My heart ached a bit as I drove away. I’m going back to work and will have to weigh-in downtown. I’ll miss them.

Then while off to celebrate with a store bought coffee I listened to this interview on CBC’s The Current with a retiring bigwig at BMO financial.

She said so many interesting things.

She always wanted kids and counts her children as her greatest joy and accomplishment. Me too.

She enjoys her challenging work and even with bad bosses from time to time and career setbacks feels a great deal of satisfaction. Me too.

She’s lucky to have the kind of man who never expected her to do more at home than him just because she has the breasts. Me too.

And she’s lucky to have been able to afford a live-in nanny. (silence)

But the most striking thing Sherry Copper said, at least to me, is how in retirement she is working on finding a way to “be still” because she doesn’t know how.

So on what already was an awesome morning Sherry Cooper – you’ve just made me smile.

Good for you all who can meditate and silently read for days on end all by yourself. Good for all of you who’ve done Outward Bound and reached higher places than you thought possible.

I’d go nuts with just a volleyball to talk to. And when awake, I really need to keep moving. And I need to get out of the house.

I get bored at parties where people attempt to one up each other with witty banter or show off some new-to-them knowledge. I either dance or fall asleep.

English: animation showing a micron particle h...

English: animation showing a micron particle having a brownian motion inside a polymer like network (Photo credit: Wikipedia)

I’m a huge believer in chaos theory.

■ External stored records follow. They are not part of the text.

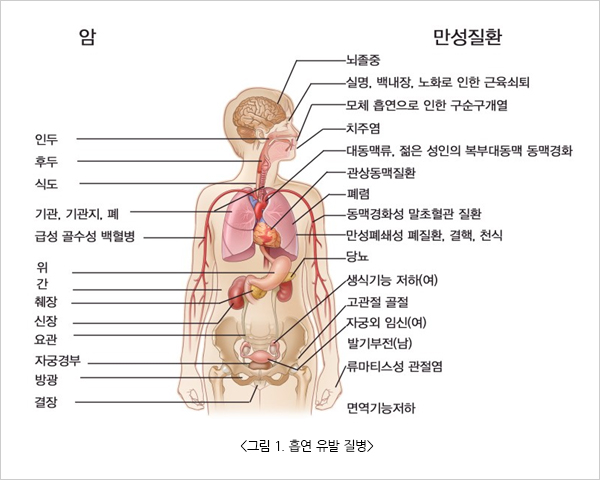 그림 1. 흡연 유발 질병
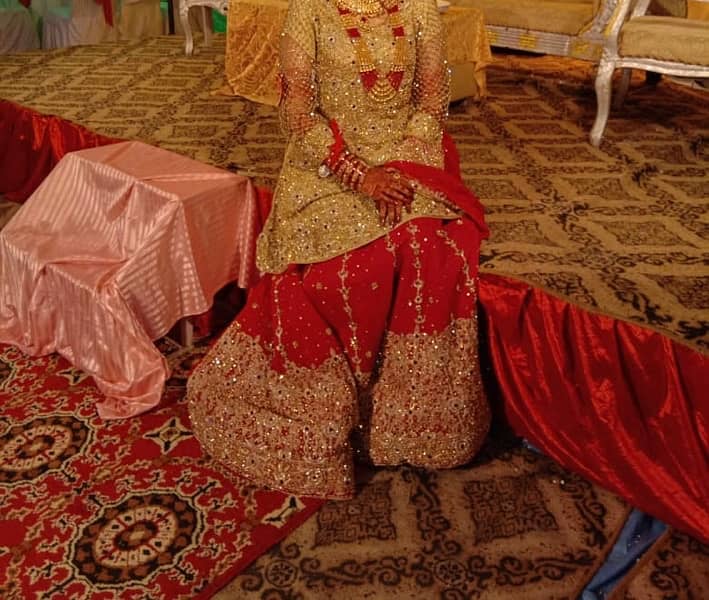 Bridal lehnga 0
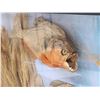 Image 6 : 2 Red Belly Piranha Real Skin Fish Taxidermy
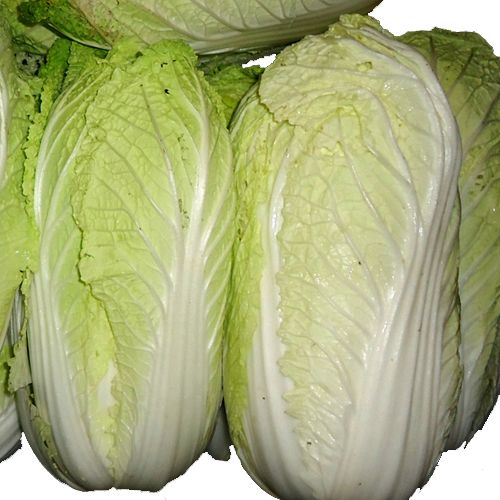 Cải Thảo Đà Lạt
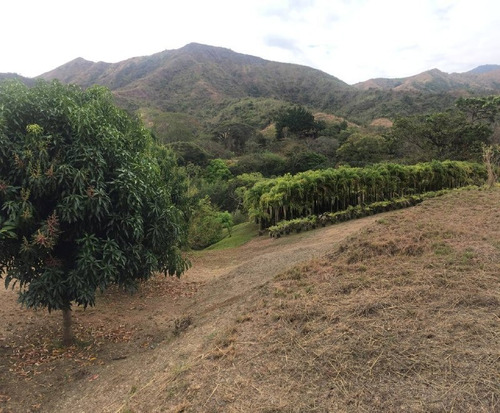 Imagen 30 de 30 de Parcela Con Bienhechurías En San Juan De Los Morros, Guárico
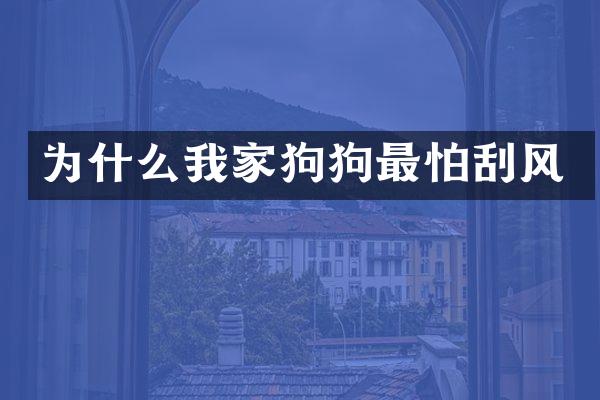 为什么我家狗狗最怕刮风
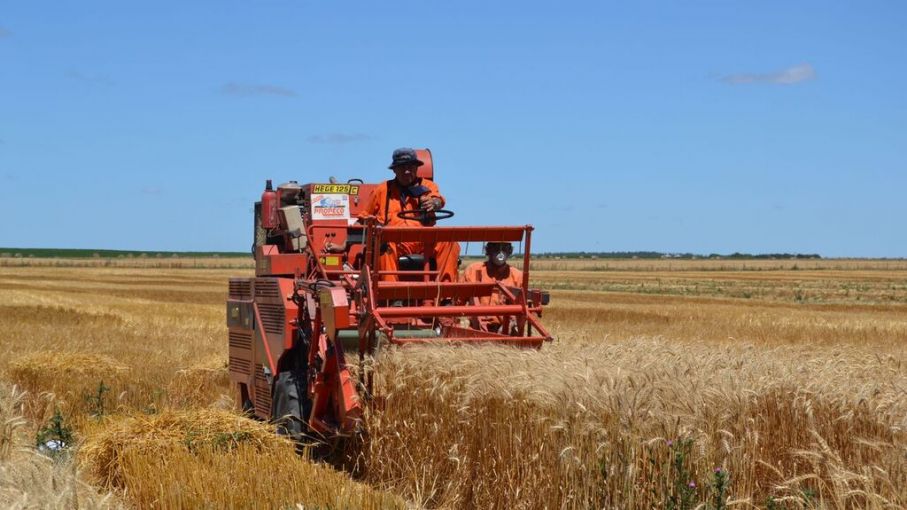 Creció la venta de pulverizadoras y cosechadoras, pero cayó la de tractores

And Brownian motion. It’s not the kind of thing you have to “apply” to your life, because that would be counter to the principle. It just IS my life. (And random frenzy can be justified when you apply math)

Motion is important. So are mornings. When people brag about about how they are night owls and how that makes them better people somehow I tend to turn a song on in my head. We don’t all have to have the same clock. Mine is big and floppy. And my inner alarm has always rang early. (you can dance in the morning too)

People are important. Engaging with the world is good for my soul. I am still shell-shocked from my two years in a home office.

There needs to be rest, and sleep, and contemplative silence. But not too much.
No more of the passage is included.